* **WHAT IS BEING ASKED**
The required output is the stretch from the line containing "Longboat Bawa 6" through the line containing "Cadillac CTS Pair" in the records below, unaltered and with no pictures.

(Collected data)
________________

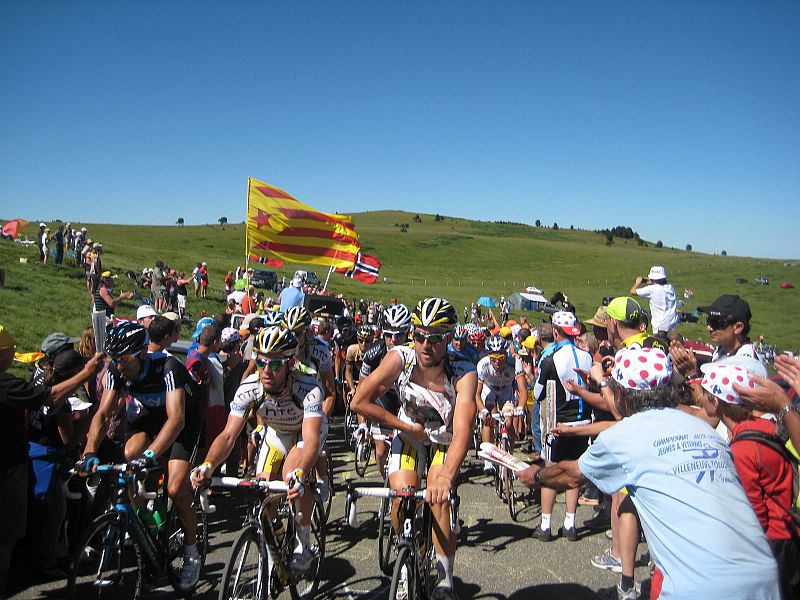 Varios de los corredores se empiezan a meter un diario dentro del maillot para protegerse del frío que se siente  después del Puerto de montaña de Primera Categoría de Pailhéres a 2001 m de altura.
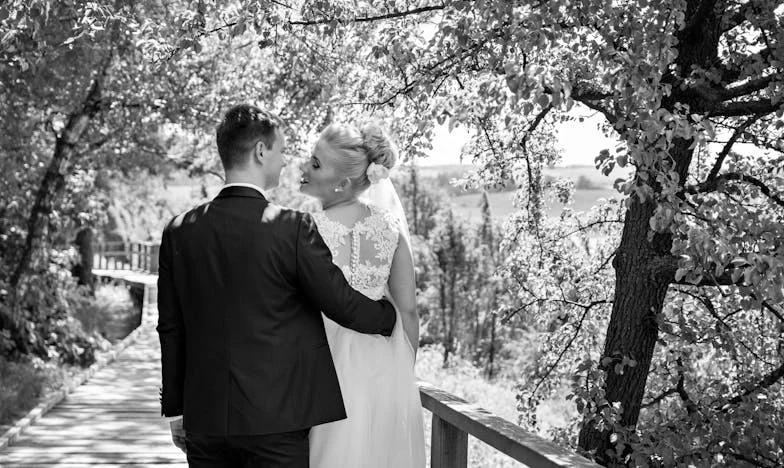 „Nevetségessé teszel minket, anya” – Az én szerelmem hatvan felett és a gyerekeim ítélete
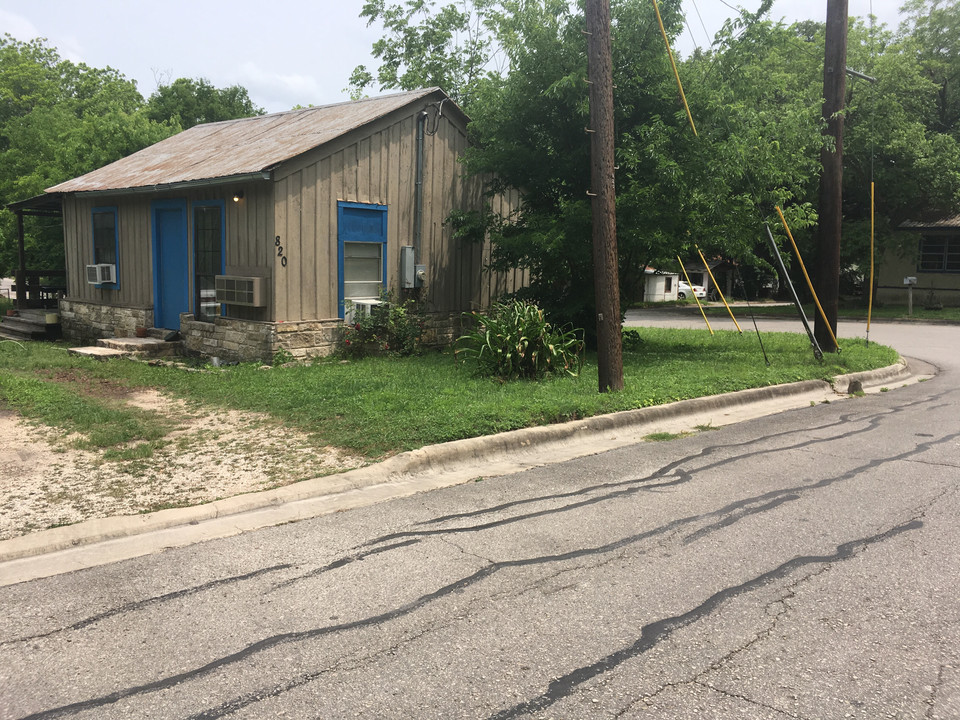 820 Neches St in Lockhart, TX - Building Photo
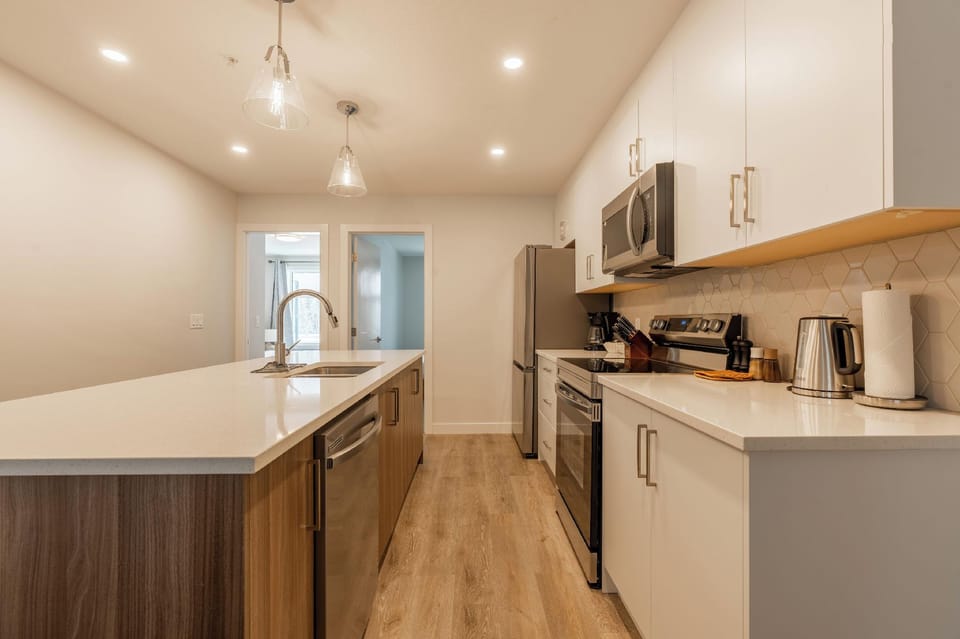 Skyridge 401 by Canmore Premier Hotel in Canmore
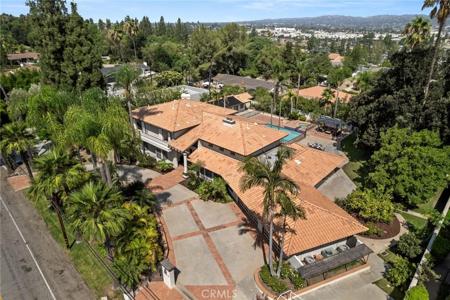 417 W Las Palmas Drive
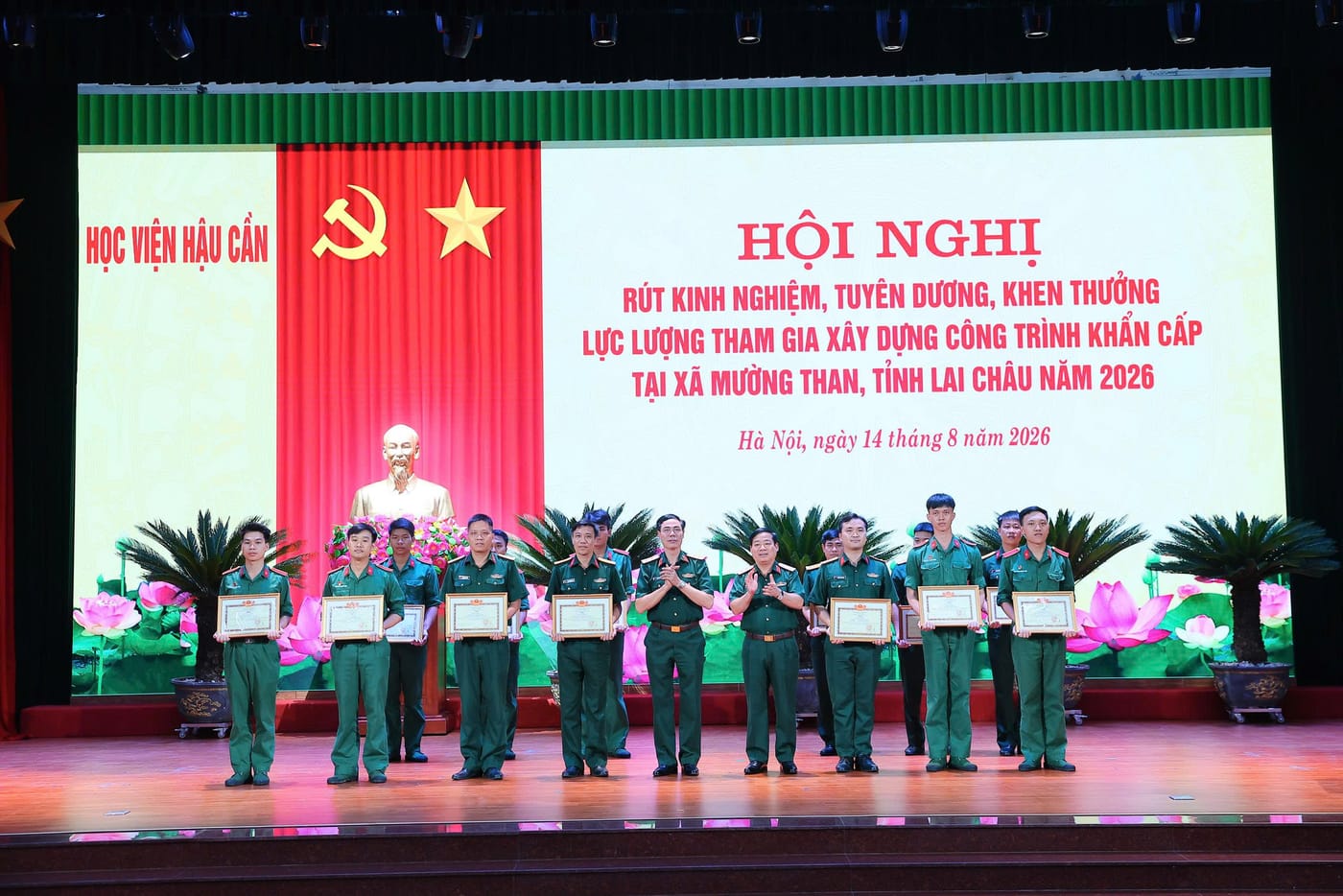 BÁO QĐND: Học viện Hậu cần tuyên dương, khen thưởng lực lượng xây dựng công trình khẩn cấp ở Mường Than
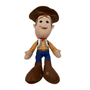 peluche Woody de cowboy en tissu beige, jaune et bleu, avec chapeau marron, chemise à carreaux et bottes.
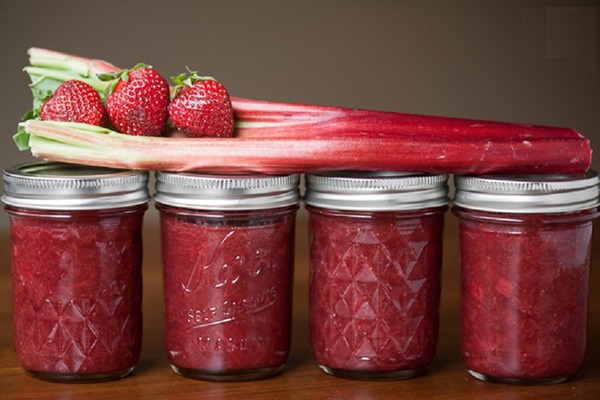 Jam från rabarbern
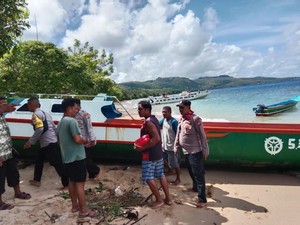 Longboat Bawa 6 Penumpang Tenggelam di Seram Bagian Barat, 1 Orang Hilang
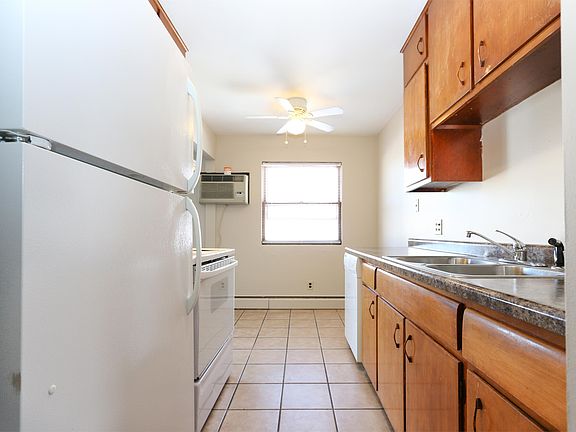 5th image of 1640 Cumberland St APT 9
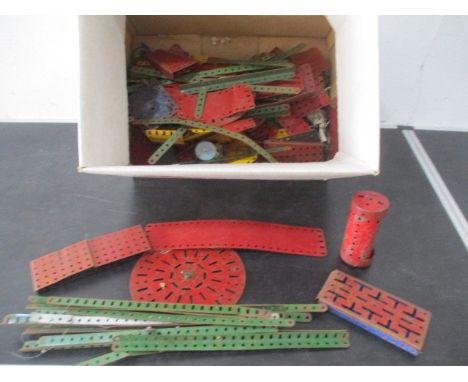 A collection of loose vintage Meccano 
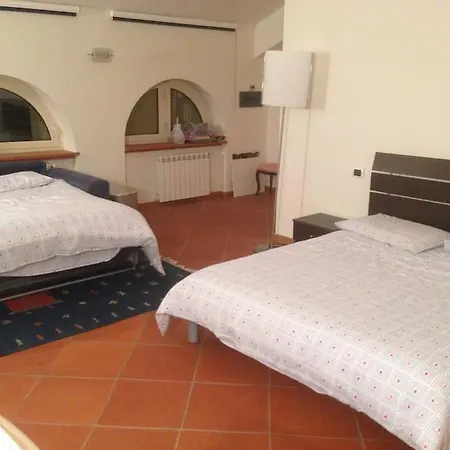 Profumo Willa Campagnano Di Roma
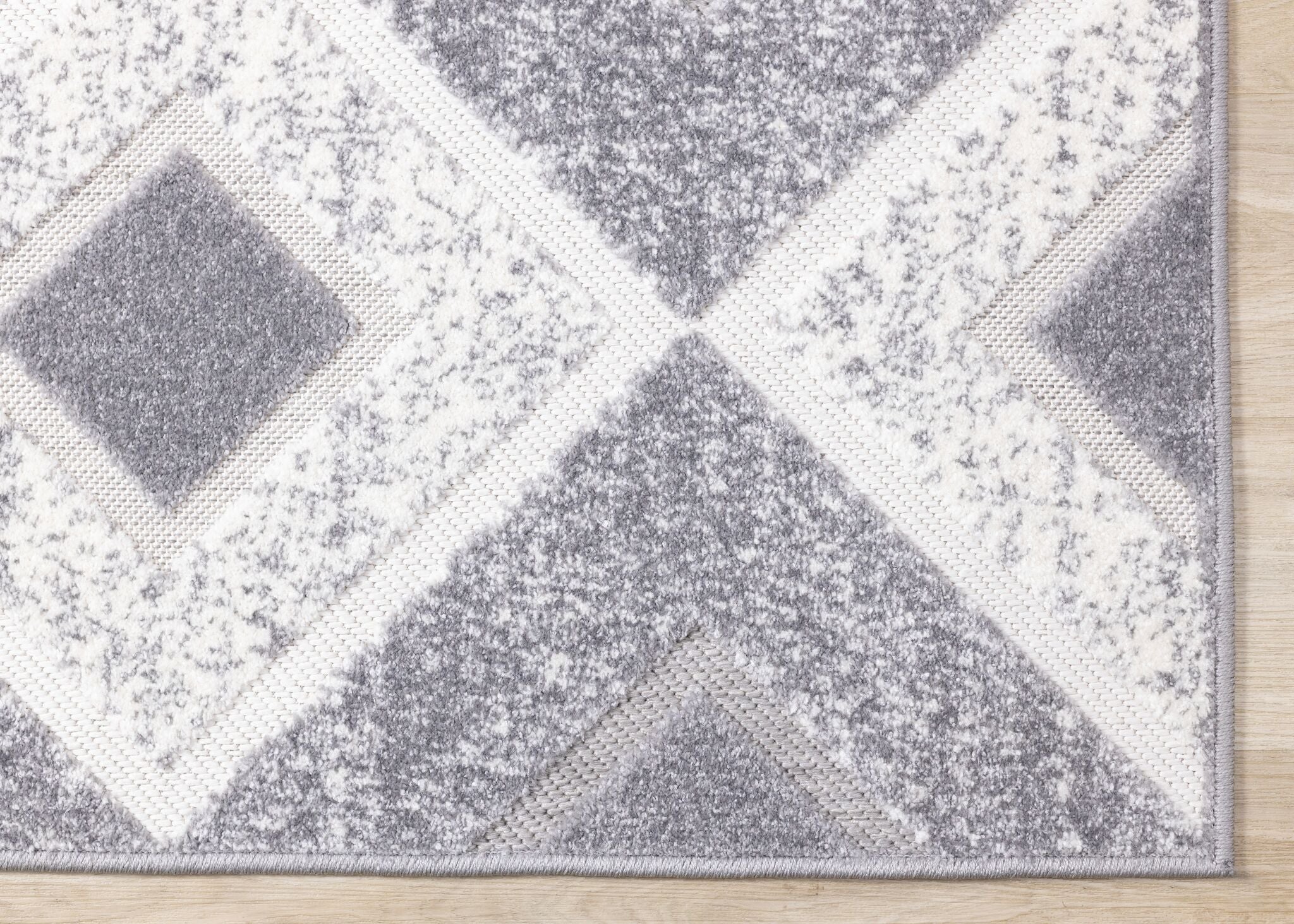 Diamond Mist 5'3" x 7'7" Diamond Pattern Area Rug - Grey, White - Image 8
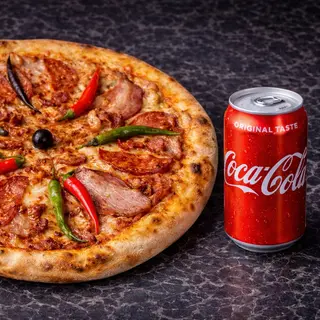 Pizza Vatrena + Coca-Cola 0.33l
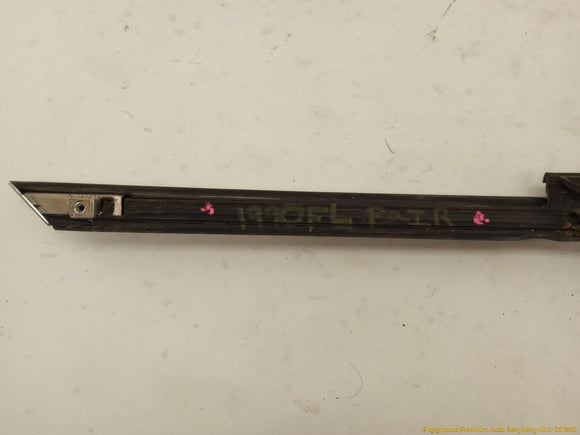 Cadillac CTS Pair Of Front Door Outer Molding
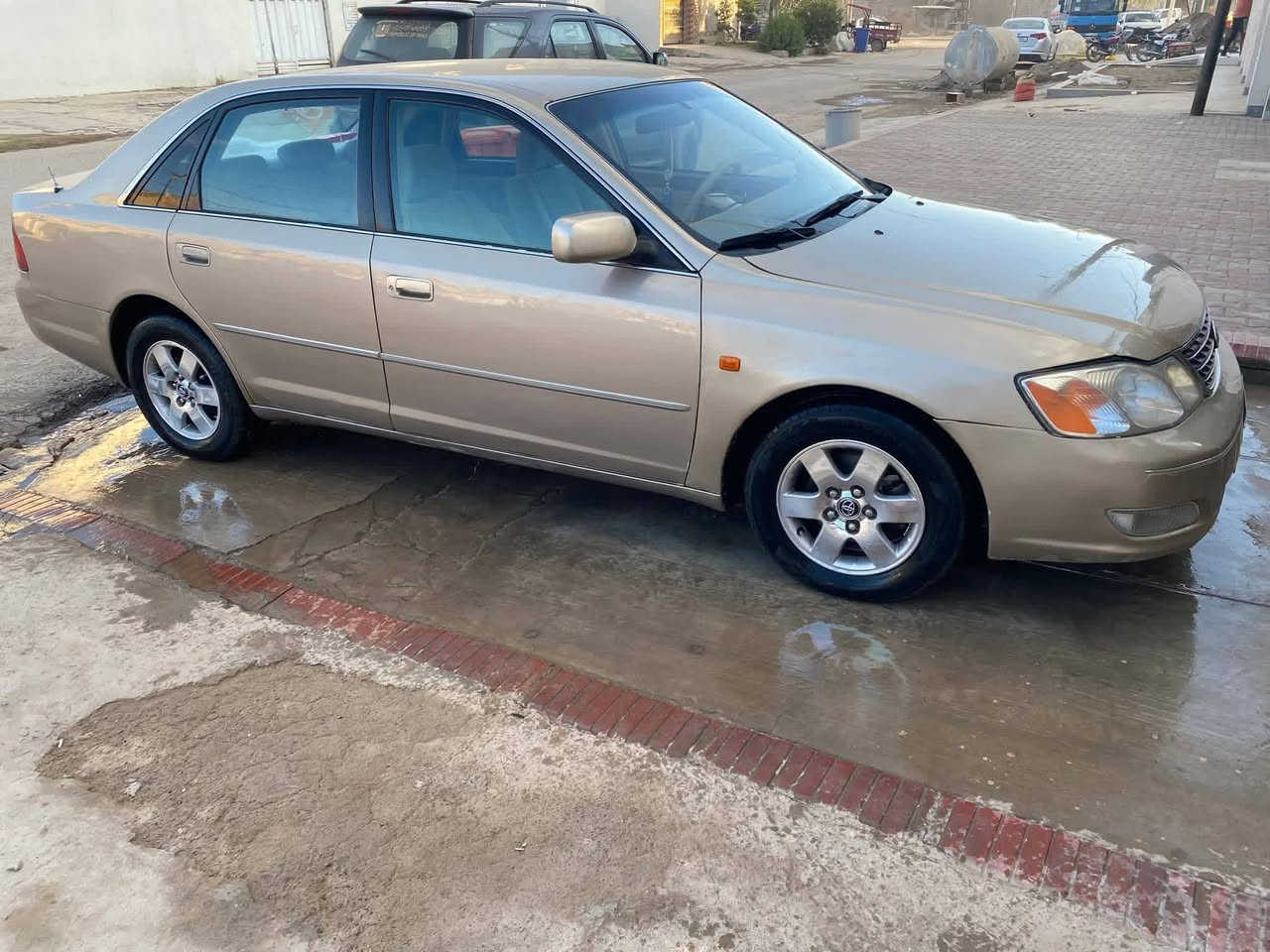 افلون موديل 2001 وارد خليجي رقم أربيل نكليزي  تريد تحويل تريد وكالة كير محرك صدر تخم تاير تدفئة تبريد كله بلشرط بيها قطعة وحدة صبغ جاملغ امامي ايمن بدون داخل سيارة كلش نظيفة السعر 95$ وبيهة مجال  المكان ديالى  الرقم ***********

________________

* **FINISHED EXERCISE**
 Longboat Bawa 6 Penumpang Tenggelam di Seram Bagian Barat, 1 Orang Hilang
 5th image of 1640 Cumberland St APT 9
 A collection of loose vintage Meccano 
 Profumo Willa Campagnano Di Roma
 Diamond Mist 5'3" x 7'7" Diamond Pattern Area Rug - Grey, White - Image 8
 Pizza Vatrena + Coca-Cola 0.33l
 Cadillac CTS Pair Of Front Door Outer Molding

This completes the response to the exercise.